Immigration Reform Brief

History of DACA (and Conservative/Constitutional Critique)

Current U.S. law, written and passed by Congress and signed by the President, makes it unlawful for foreign nationals to enter or stay in the country without authorization. Despite this clear provision of law, an estimated 11 million people live in the United States without authorization.

In 2012, then-President Obama—under tremendous political pressure from his base—issued a memo through the Department of Homeland Security (DHS) titled “Deferred Action for Childhood Arrivals” (DACA). DACA sought to grant temporary legal status to individuals who 1) were less than 31 years old, 2) came to the United States before their 16th birthday, and 3) were living in the country since June 15, 2007. Though roughly 1.7 million illegal immigrants were eligible for the program, only about 800,000 applied for and received deferred status. Recipients would be required to work or go to school, but could ultimately defer their deportation for two years. They could renew their status.

Conservative legal groups challenged these actions in court as an unconstitutional overreach of executive power. Several states sued the federal government, and appeals courts ultimately ruled in favor of states to enjoin (or prohibit) an extension of DACA. Since the issuance of the DACA memo, and during debate over a larger amnesty, the number of people unlawfully crossing the U.S. border has increased significantly.

In 2013, debate began on a comprehensive immigration bill (the now infamous “Gang of Eight” proposal) that would have included amnesty for most of the unlawful immigrant population, including “Dreamers.” The Senate passed the Gang of Eight amnesty bill, which included a partial codification of the 2012 DACA memo (known as the “DREAM Act,” which the Senate failed to pass in 2010), but the proposal died in the House.

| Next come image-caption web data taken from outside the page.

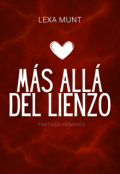Portada del libro "Más allá del lienzo (2010)"
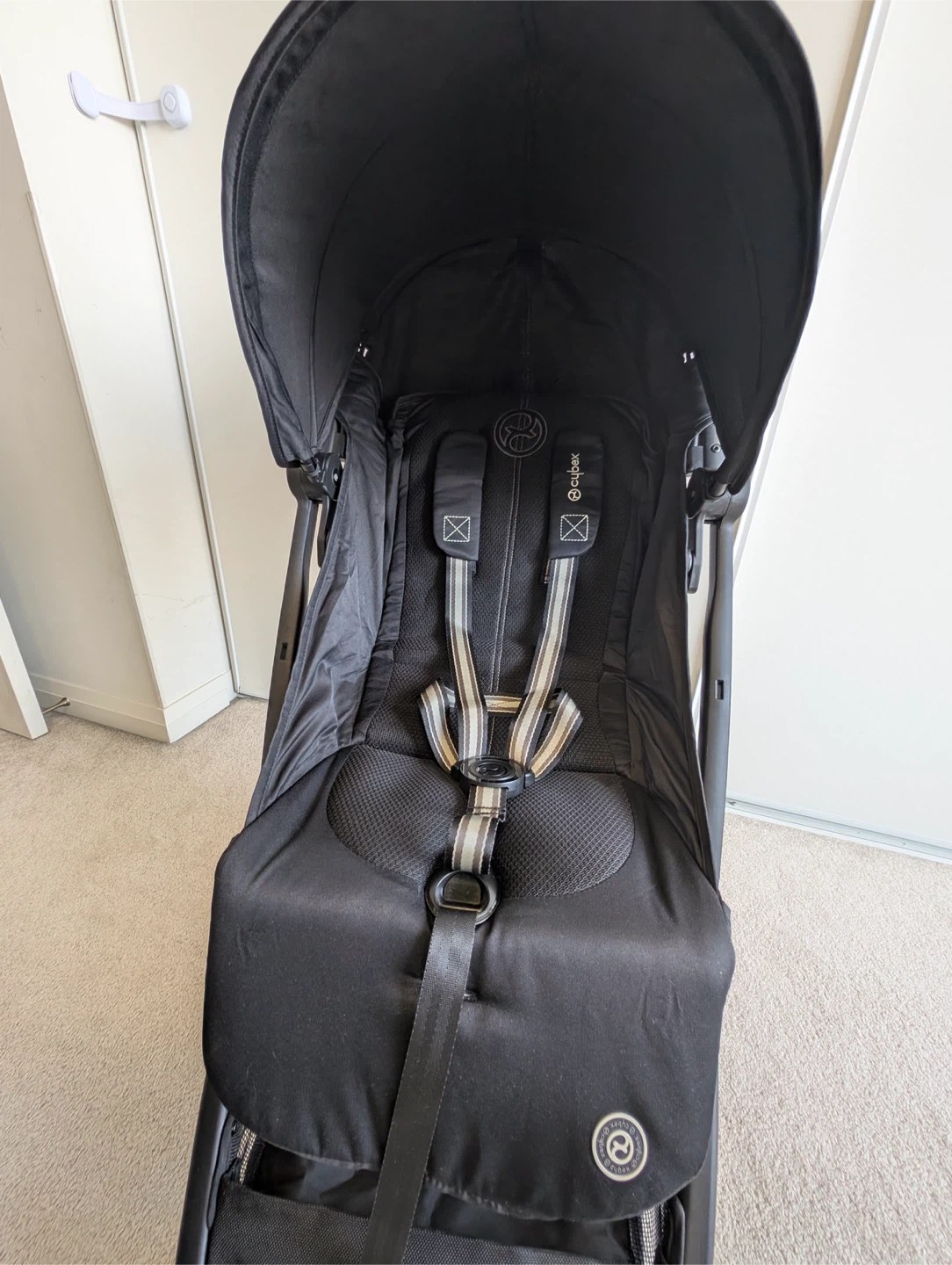 Cybex Libelle Stroller - photo 4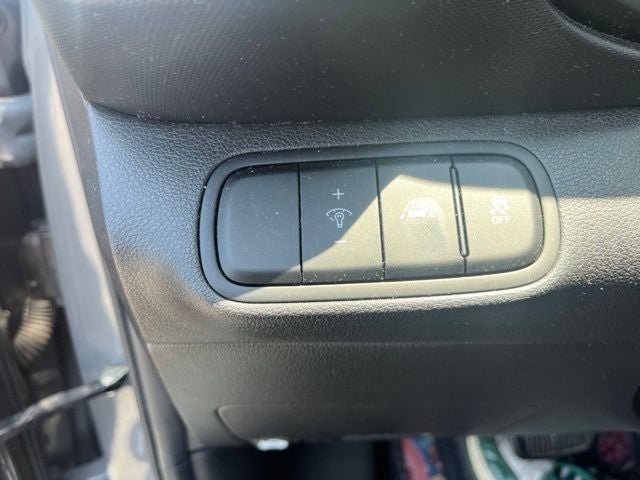 2021 Hyundai Venue SE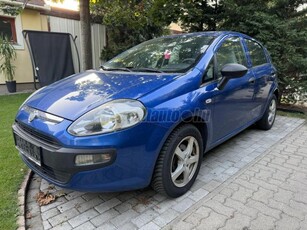 FIAT PUNTO EVO 1.4 8V Dynamic Facelift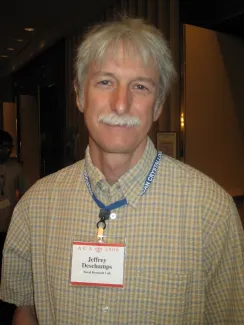 2009: ACA Annual Meeting: Attendees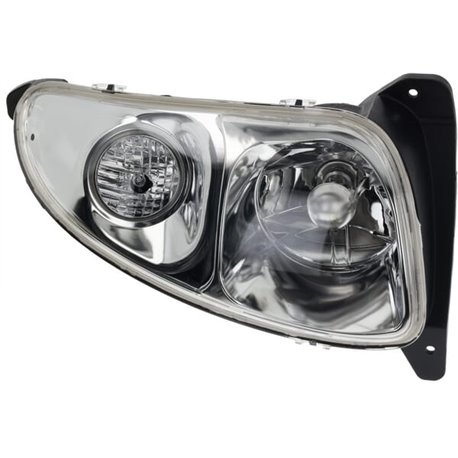 Lampa robocza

What the Trump administration did

In response to another impending lawsuit against DACA, the Trump administration officially rescinded the unconstitutional Obama-era program on September 5th, with an effective enforcement date of March 5, 2018. Rescinding DACA fulfills a key campaign promise made by then-candidate Donald Trump to end the program and begin enforcing U.S. immigration laws. By including a six-month delay, the Trump administration is providing Congress with an opportunity to address the larger issue of illegal and legal immigration legislatively.

Effective immediately, the government stopped accepting new applicants for the DACA program—capping the program’s participation at roughly 690,000.

Possible Congressional Action  

The day after his administration announced the end of DACA, President Trump told reporters that he’d “like to see something where we have good border security, and we have a great DACA transaction where everybody is happy and now they don’t have to worry about it anymore.”

In setting up a straight DACA codification for border security trade, the president risks repeating the mistakes of the Immigration Reform and Control Act of 1986. That law provided amnesty for 2.7 million illegal immigrants and the promise of future border security and internal enforcement. As President Reagan’s Attorney General Edwin Meese III wrote in 2013, the 1986 amnesty “encourage[d] millions more to risk entering the country illegally in the hope that one day they, too, might receive amnesty.”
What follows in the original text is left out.